Le carnage est fini. Sous un monceau de morts s’éveille le soldat blessé. Ennemis et amis, de son bras frémissant il écarte les cadavres qui l’entourent : Ô clarté de la lune, s’écrie-t-il, ô divine espérance, ô pays, ô ma mère, ô terre, ô firmament, résurrection, amour : salut, salut trois fois ! !


Ainsi moi, banni du monde, méprisé, traqué, blessé par les hommes, ainsi moi, seul et libre, à cette heure de la nuit, à ce grand lac qui dort, aux vents qui le caressent, à ma belle Helvétie j’adresse mes adieux :

Adieu ! terre que j’aimai, comme on aime sa mère ou bien sa grande amie, dès que je pus te voir !

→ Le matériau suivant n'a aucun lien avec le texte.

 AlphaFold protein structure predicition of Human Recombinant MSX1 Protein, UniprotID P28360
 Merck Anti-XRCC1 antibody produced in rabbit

102 Adieu ! fertile oasis, racine des montagnes, source des fleuves, berceau des plaines, miniature d’un grand monde avec ses eaux, ses peuples, ses forêts, ses vallées, ses rocs et ses collines !

Adieu ! bannières des cantons souverains, bannière de fête et de combat, vous qu’on déployait dans les journées sanglantes, au milieu du ferraillement des épées, du bruit sourd des massues, du fracas des rochers croulants et des nuages de flèches qui sifflaient par les airs ! Adieu ! croix fédérale !

Adieu ! glaces, abîmes, torrents, sites sauvages !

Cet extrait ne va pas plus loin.